The conference was big – about 700 foreigners and 500 local participants. The talks were intense, 20 minutes each with questions from world experts awaiting the speakers. But people were friendly and surprisingly accepting of a lapsed quantum mechanic trying to wing it in their field. I unexpectedly found myself sitting next to one my heroes, a postdoc from Cambridge whose papers I’d spent weeks poring over the year before. John Langford, the man behind the under-appreciated Vowpal Wabbit, was almost identical to the person I’d imagined from his writings.
There was an amusing scene one evening watching the World Cup with some European blokes at an outdoor bar next to the venue. This extroverted guy was expounding on deep learning and I asked pointedly whether he could help me if I didn’t have millions of samples of well structured data (there have been several presentations on breakthroughs in voice and image analysis using deep nets). We got into a bit of a technical discussion about optimisation techniques and he kind of admitted that maybe deep learning wasn’t the answer to everything, but asserted it was the future. The next day I discovered I’d picked a fight with one of the authors of Word2Vec, one of the biggest developments of 2013. Beer and jetlag are my only defence.
Deep learning was definitely the dominant theme of ICML 2014. Andrew Ng was mobbed like a rockstar when he first arrived – you don’t realise from his Stanford online courses quite how tall he is – and every deep learning session was standing room only. At the conference dinner, he gave an impassioned pitch as to why deep learning was the future and how Baidu Research was the place to do it.
The big idea that was being discussed was combining deep networks, say one trained on images with one trained on text, to produce a system that could model or learn something resembling the semantic content of images. So it was both shocking and unsurprising to see the Neural Image Caption Generator when it was published six months later.
The other mind blowing announcement was the introduction of realtime translation by Skype, which is finally being rolled out.
Meanwhile Gaussian processes are closer to my heart than neural nets, simply because I started out solving forecasting problems on smallish data
sets and the maths is both elegant fairly easy. A nice application was presented by Jasper Snoek and friends from Harvard, using Gaussian processes for function optimisation, such as maximising the likelihood for a learning algorithm. The story goes that they discovered Netflix was using the results of one of their papers and so they decided to sell this as a service. It’s nice to see Whetlab launched with full functionality and some impressive results.
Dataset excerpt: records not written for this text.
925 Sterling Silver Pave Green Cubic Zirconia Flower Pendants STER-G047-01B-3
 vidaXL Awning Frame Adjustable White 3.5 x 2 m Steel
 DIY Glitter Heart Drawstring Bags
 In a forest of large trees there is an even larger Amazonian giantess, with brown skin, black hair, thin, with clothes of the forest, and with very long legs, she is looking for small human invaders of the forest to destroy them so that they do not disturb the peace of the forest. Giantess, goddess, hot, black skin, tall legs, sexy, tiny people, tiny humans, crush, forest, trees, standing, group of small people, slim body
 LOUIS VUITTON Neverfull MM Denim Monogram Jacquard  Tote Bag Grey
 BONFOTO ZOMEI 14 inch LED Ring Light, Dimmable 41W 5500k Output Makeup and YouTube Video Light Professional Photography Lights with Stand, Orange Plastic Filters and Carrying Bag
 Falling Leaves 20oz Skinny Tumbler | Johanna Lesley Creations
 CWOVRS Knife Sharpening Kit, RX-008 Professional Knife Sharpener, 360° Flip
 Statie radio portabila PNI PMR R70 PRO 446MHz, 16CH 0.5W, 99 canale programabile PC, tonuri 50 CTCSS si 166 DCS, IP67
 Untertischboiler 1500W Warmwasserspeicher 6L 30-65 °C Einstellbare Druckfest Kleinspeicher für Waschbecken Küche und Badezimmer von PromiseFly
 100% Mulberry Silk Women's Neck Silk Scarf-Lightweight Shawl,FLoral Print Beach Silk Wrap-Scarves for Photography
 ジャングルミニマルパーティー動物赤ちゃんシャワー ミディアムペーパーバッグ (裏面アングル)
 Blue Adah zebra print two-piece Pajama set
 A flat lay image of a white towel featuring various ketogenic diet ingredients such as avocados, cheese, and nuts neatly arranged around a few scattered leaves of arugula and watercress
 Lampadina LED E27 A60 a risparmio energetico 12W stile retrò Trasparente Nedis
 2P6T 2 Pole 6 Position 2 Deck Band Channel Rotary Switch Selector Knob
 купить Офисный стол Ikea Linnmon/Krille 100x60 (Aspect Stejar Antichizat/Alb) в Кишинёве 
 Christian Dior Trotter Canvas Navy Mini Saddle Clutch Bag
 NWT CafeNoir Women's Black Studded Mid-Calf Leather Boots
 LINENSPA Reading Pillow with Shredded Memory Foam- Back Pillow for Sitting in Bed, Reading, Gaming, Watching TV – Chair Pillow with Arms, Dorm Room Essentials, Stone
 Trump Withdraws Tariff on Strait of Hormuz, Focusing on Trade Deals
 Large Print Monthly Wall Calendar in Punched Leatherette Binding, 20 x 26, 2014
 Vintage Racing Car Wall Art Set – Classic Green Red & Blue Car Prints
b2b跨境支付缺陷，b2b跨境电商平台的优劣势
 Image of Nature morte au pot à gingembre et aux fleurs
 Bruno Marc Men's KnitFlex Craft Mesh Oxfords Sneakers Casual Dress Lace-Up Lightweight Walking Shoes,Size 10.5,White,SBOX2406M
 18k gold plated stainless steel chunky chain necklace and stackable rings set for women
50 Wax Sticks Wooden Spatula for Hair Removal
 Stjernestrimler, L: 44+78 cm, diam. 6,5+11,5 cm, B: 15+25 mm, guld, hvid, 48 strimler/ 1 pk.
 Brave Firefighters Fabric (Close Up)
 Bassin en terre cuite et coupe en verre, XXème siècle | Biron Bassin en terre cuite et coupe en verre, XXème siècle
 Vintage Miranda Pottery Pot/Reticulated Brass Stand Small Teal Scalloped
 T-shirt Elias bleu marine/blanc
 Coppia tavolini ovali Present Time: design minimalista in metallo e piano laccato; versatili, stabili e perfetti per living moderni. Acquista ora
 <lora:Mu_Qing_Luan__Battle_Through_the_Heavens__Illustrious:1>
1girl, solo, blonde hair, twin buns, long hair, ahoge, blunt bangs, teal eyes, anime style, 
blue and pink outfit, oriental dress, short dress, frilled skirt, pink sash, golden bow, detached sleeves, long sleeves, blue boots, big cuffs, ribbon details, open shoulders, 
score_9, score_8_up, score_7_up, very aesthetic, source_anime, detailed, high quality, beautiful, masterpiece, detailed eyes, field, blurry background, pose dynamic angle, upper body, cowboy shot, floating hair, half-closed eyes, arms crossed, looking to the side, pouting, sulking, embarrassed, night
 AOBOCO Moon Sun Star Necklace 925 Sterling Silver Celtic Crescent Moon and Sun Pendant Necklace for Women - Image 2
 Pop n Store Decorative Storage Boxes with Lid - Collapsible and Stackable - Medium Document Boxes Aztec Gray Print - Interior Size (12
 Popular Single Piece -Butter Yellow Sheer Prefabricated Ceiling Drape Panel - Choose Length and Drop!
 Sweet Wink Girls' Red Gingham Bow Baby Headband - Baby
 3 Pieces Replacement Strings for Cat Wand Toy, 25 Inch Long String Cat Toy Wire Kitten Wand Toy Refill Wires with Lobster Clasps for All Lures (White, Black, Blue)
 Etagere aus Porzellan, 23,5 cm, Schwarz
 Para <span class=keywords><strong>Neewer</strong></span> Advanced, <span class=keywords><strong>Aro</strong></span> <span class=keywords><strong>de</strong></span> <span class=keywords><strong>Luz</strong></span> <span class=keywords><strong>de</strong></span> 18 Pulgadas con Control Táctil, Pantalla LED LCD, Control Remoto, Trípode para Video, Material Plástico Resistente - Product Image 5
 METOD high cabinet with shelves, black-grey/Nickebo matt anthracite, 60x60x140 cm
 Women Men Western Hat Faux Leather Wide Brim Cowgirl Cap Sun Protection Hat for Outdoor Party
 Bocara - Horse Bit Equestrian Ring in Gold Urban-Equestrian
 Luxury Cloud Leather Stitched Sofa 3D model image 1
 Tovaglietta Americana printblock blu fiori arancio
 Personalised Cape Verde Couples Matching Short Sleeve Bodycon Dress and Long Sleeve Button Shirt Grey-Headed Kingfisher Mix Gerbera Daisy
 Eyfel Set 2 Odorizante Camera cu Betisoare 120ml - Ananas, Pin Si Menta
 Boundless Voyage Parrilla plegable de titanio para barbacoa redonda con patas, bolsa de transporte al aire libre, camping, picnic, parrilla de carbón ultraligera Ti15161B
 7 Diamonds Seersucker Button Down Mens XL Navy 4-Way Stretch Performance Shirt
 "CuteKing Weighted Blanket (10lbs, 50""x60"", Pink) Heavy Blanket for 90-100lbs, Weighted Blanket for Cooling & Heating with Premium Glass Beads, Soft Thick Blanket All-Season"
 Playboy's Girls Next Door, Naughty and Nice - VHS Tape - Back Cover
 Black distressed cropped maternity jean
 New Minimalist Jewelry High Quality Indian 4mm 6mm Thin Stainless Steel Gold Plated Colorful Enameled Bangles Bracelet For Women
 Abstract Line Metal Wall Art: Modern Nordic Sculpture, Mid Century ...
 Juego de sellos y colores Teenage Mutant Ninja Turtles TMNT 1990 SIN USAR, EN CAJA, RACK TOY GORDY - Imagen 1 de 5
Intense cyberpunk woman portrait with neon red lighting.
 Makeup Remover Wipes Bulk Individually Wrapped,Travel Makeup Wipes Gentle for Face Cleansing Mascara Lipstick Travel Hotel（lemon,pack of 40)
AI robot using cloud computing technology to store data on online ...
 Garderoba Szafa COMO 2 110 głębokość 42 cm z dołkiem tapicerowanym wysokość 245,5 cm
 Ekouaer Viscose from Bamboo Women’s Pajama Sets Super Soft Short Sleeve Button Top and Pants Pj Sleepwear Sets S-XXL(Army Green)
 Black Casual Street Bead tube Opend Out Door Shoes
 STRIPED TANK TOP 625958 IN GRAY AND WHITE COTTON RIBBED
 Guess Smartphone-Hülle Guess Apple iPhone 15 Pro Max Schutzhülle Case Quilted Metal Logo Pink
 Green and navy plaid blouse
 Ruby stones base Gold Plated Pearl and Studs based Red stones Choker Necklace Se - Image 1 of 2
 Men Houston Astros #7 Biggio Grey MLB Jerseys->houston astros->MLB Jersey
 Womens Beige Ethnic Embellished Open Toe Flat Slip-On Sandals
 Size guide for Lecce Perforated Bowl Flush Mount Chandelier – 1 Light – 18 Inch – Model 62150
The other cool technical breakthrough I discovered at ICML was “tensor factorisation”. Very roughly, methods like non-negative matrix factorisation (NMF) which have been so successful in topic modelling and other problems are effectively working with second moments of the underlying distribution. To make use of information in the higher moments (and there are many reasons why second moments are insufficient), you end up constructing higher-dimensional analogues of matrices, i.e. tensors. The technical difficulties begin with visualising these objects (cubes of frequency counts anyone?) and extend through to the discovery that your usual linear algebra tricks do not all apply. For example, the notion of “diagonalising” a tensor is somewhat more complicated than for a matrix. Animashree Anandkumar gave an inspirational workshop presentation on orthogonal decompositions of tensors using a system developed at Microsoft Research called REEF. Deep learning might not be the end of the game after all.